By Nathan Willis
December 10, 2014
The GNU Emacs project is debating the idea of changing the format
in which its official documentation is written and maintained.
Proposing the change is Eric S. Raymond, who argues that the Texinfo
format currently used is archaic and constitutes a barrier to entry. His proposal
has its supporters—including Richard Stallman—but plenty of
other project members contend that whatever shortcomings the Emacs
documentation may have, replacing Texinfo as Raymond suggests is not
the fix.
For those unfamiliar with it, Texinfo is a GNU project with a long
history.
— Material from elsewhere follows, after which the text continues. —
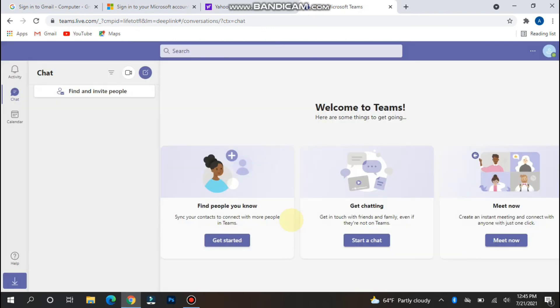So in this way you can remove the profile picture from your Microsoft Teams account. Hope this video helps you. See you next time. Thank you.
It is the format behind the command-line info
tool (although Emacs uses its own, built-in info page browser) and is
the officially blessed manual format for all GNU projects.
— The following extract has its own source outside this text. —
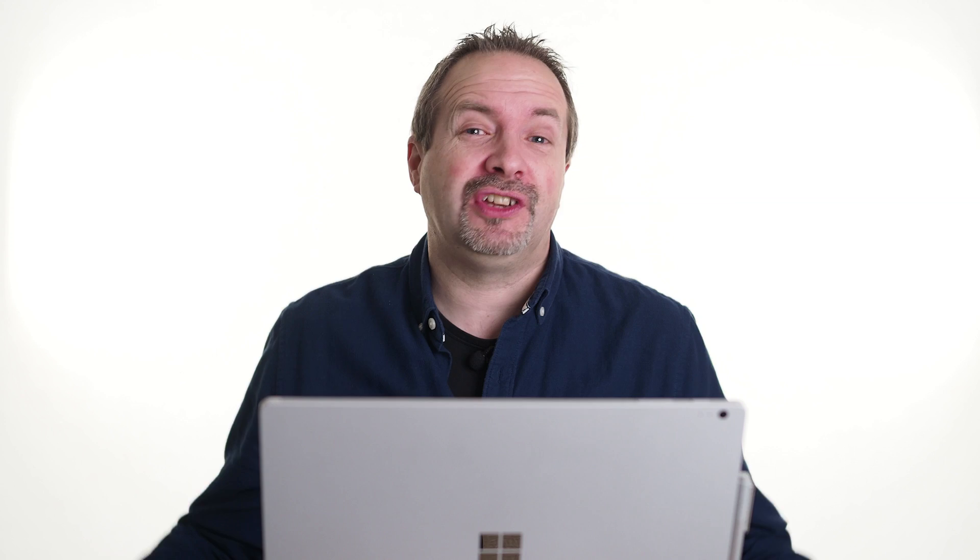Tethered shooting on the Olympus cameras is really quick, really easy, and really powerful. I'm Gavin Hoey, thanks for watching.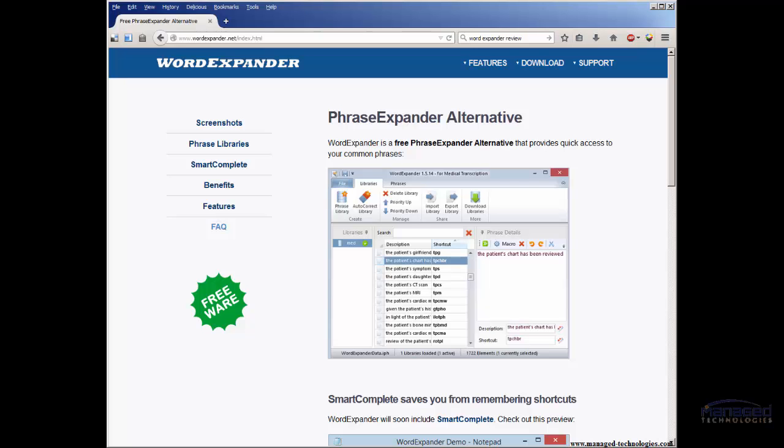This comes from the medical transcription world. They have a commercial product, Phrase Expander, that has more features.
The syntax itself is akin to many other text-markup formats, but it
was designed with structured, cross-referenced user manuals in mind.
Thus, it provides some features not found in other markup languages.
The most prominent example is its support for document-wide indexes.
In addition to their usage in terminal commands like info, Texinfo
documents can also be converted to HTML or (through TeX) to
print-quality PostScript output. Texinfo is used by a number of
non-GNU projects as well; users may have encountered reference to
info documents
from Linux man pages.
On December 5, Raymond wrote to the
Emacs development list to announce his intention to migrate the
project's documentation away from GNU's Texinfo as its master format, in
order to adopt AsciiDoc instead. Raymond's message came on the heels
of a lengthy discussion thread about attracting and retaining new
contributors, which is certainly an issue most free-software projects
can relate to. In the earlier discussion, several barriers to entry
for newcomers were mentioned, such as the fact that Emacs's official
how-to-contribute document is a text file installed in a local directory, rather than a web page.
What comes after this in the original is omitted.